Configuring DDS to mitigate performance degradation due to packet loss

If you are using Reliable communication, you could see a performance degradation due to packet loss and resending data sample fragments. This is more probable when using data bigger than 1500 Bytes (over Ethernet).

In general, a DDS application using a transport such as UDPv4 splits data samples into submessages so they can be transferred over the network. Those submessages can be also splitted by the IP stack as well. You can see the details on how DDS data samples are fragmented in this article in our blog.

If your network is lossy (due to congestion, noise, etc) and (a lot of) data fragments are lost,  DDS will need to repair them. Moreover, if you are sending large data, this can be more dramatic since the live data stream and the reliability one (repairing lost samples) will compete for the same socket receive buffer and can create even more message drop.

There are some considerations to reduce and mitigate the effect of fragmentation in your DDS communication:

  1. Use strongly typed data instead of loosely typed data. If you are using XML or JSON-like types (not strongly typed ones), you will be sending more data per sample since you will be sending tags to characterize your information. Defining your type’s fields, will enable DDS to optimize the communication by sending a binary representation of the data.

  2. Configure DDS to send packets smaller than the MTU packet size: See this KB article on how to configure Connext DDS to split data samples in MTU size packets.

  3. Configure batching. You could modify max_data_bytes and max_samples in the BatchQosPolicy to constrain the batch size within the MTU size (see here for the current release or here for release 5.0.0). Take into account that max_data_bytes does not count the metadata per sample (up to 52 bytes for keyed topics and 20 for unkeyed topics - see the System Resource Considerations in the BatchQosPolicy section of the User's Manual, here for the current release or here for release 5.0.0). In a latency-constraint scenario, you could disable it completely.

  4. Large data

    1. Use the Asynchronous Publisher QoS (described here for the current release or here for release 5.2.3). This will create an additional thread on charge of not only sending new data, but also repairing lost samples in reliable communication. Its behavior is governed by a FlowController (described here for the current release or here for release 5.2.3), which prevents bursts from overwhelming the network. See an example of how to use an asynchronous publisher here.
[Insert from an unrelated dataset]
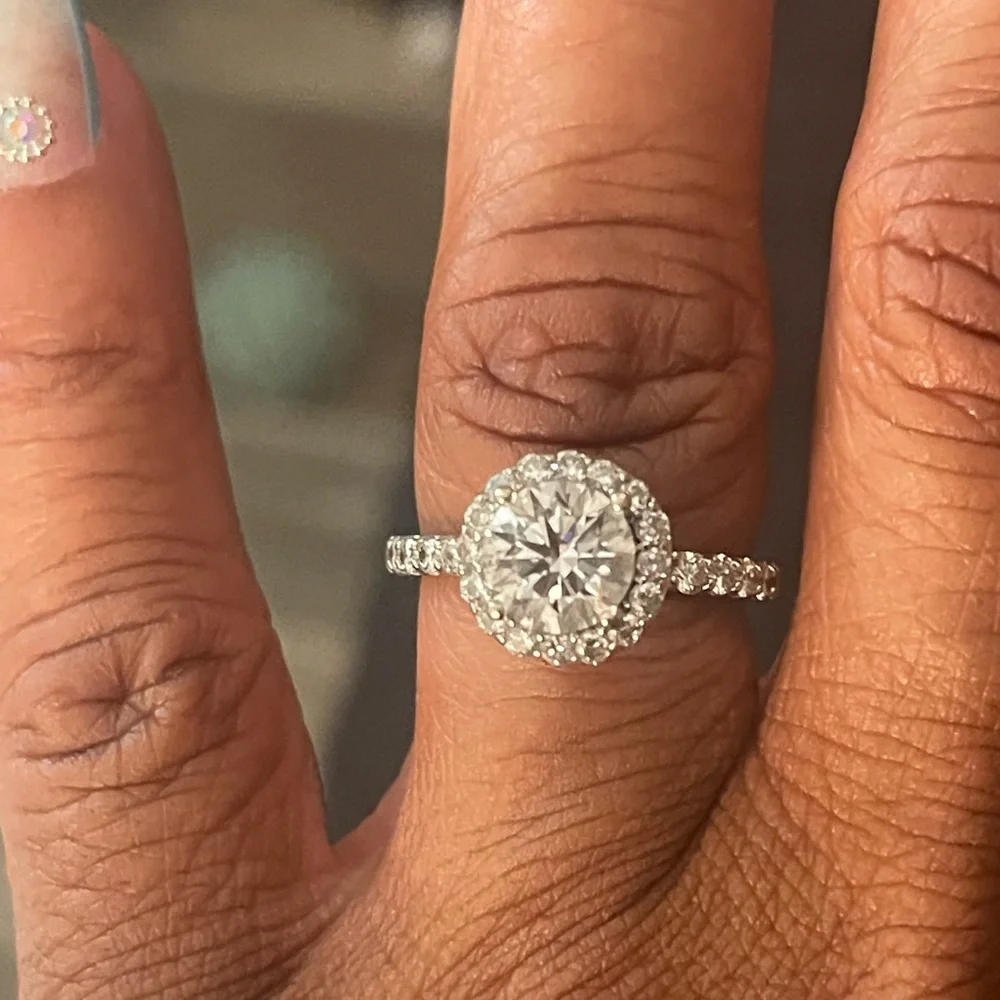 Engagement ring - Picture 3 of 6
    2. If possible, configure MTU to use Jumbo packets. This will setup the MTU to 9000 and will improve performance. Make sure the routers along the way are able to handle that MTU size.

    3. Choose the correct Reliability for your application. Strict Reliability (using KEEP_ALL History QoS) may not be necessary for most cases and could cause unresponsive or non-progressing DataReaders to block your communication. You could change the history to be KEEP_LAST with Reliable reliability or configure DDS to mark non-progressing DataReaders as inactive (described here for the current release or here for release 5.2.3).

    4. Configure the memory used for fragmented samples on the reader side using the DataReaderResourceLimits QosPolicy's max_fragments_per_sample, max_fragmented_samples, and max_fragmented_samples_per_remote_writer. You could also control the memory usage on the writer side when sending large, variable length data by using the property pool_buffer_max_size (described here for the current release or here for release 5.2.3).

Even when there are multiple layers “chopping” your samples, you can use DDS to control this and reduce the performance effect of lost fragments.